De ahí la consecuencia política, son sujetos que dan su vida por un ideal, por un todo. Por ello el totalitarismo no es sólo un problema político, sino que en la medida que afecta a individuos concretos que dan su vida al ideal, se torna problema religioso. Es aquí donde vemos por qué un totalitarismo puede volver a triunfar, porque el hombre siempre busca un significado para la vida y siempre habrán ideales que intentarán ocupar ese lugar, ídolos a los que idolatrar. Así, como siempre, el mal se sirve de un aparente bien como: el sentimiento de fraternidad entre los del mismo grupo, el incremento de la creatividad, el amor por uno mismo, el sentirse parte de un todo con un fin concreto, etc. para subyugar el ánimo humano para fines que a la postre se demuestran siempre parciales, incompletos y en este caso terriblemente dañinos.
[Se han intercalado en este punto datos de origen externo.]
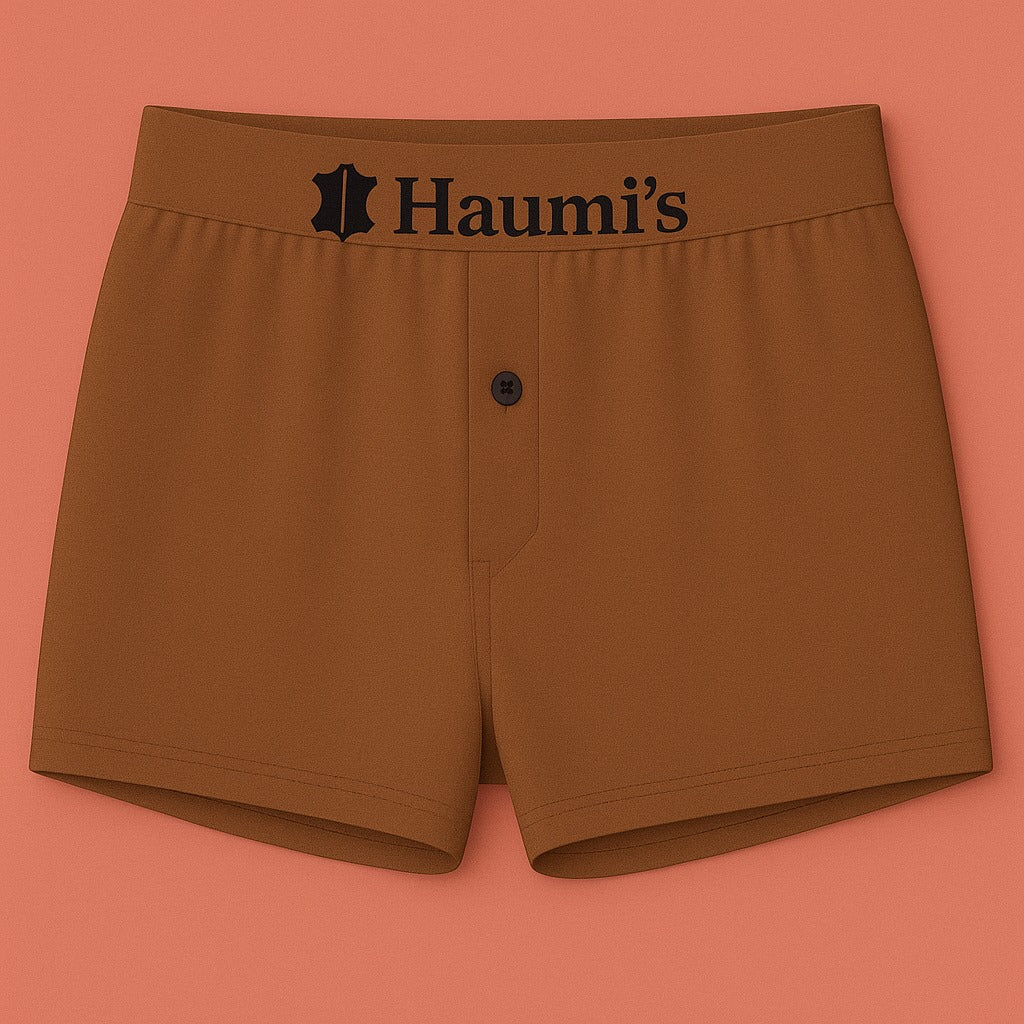 Comfy brown underwear by HAUMIS featuring a bold 'Haumi's' logo on the waistband.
El error está en que bajo una aparente justificación democrática, pues deciden por votación y todos van a una por “consenso”, acaban instaurando una mentalidad gregaria donde la dignidad y consistencia del individuo se le da en tanto que perteneciente al mismo grupo y no por sí misma, es decir por su misma condición de persona. Este clasismo acaba arrinconando a las minorías y volviéndose antidemocrático, pues bajo la legitimidad de la “mayoría” se suprime la libertad de cada individuo: unos por exclusión (Karo y Mona), y los que pertenecen por omisión, es decir, porque siguen sin razón, por consignas, de una forma sentimental cuyo único criterio es lo bien que se está juntos y las cosas tan “guays” que hacen, sin mayor trascendencia que el ocioso consumo del tiempo. A este respecto está increíblemente lograda la escena final donde Wegner ordena que traigan al “traidor” Marco para ajusticiarle. El mismo Marco jugador de waterpolo, amigo de los demás, es conducido al “paredón” por presentar disidencia a lo que el líder dice. Así cuando Wegner les pregunta a los “soldados” por qué lo han hecho, la única respuesta es: “Porque tú lo has ordenado”. Es la clara imagen del hombre que deserta del uso de la razón y de su protagonismo en la propia vida.
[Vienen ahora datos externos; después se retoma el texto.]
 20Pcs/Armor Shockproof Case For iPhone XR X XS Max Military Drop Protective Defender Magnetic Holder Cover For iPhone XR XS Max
Así en la película se ven con claridad los diferentes “males” de los que aquejan cada uno de los alumnos: Lisa es insegura, Tim se ha visto siempre ninguneado, Karo carece de referente familiar, Marco ni tiene padre ni se le espera y su madre es un despropósito, etc. Todos tienen dramas que buscan solución y en la realidad no encuentran nada, salvo la propuesta del profesor, que los una y les dé una finalidad en sus acciones. Por otro lado la cinta destila simbolismos, apuntamos algunos. Es claro como el grafiti de “La ola” se propaga por toda la ciudad ya sea tomando lugares de nadie, substituyendo al “enemigo” –los anarquistas–, encima de símbolos religiosos –en clara presentación de la pretensión ideológica–, hasta incluso encima de personas –no importa el individuo sino la idea–, etc.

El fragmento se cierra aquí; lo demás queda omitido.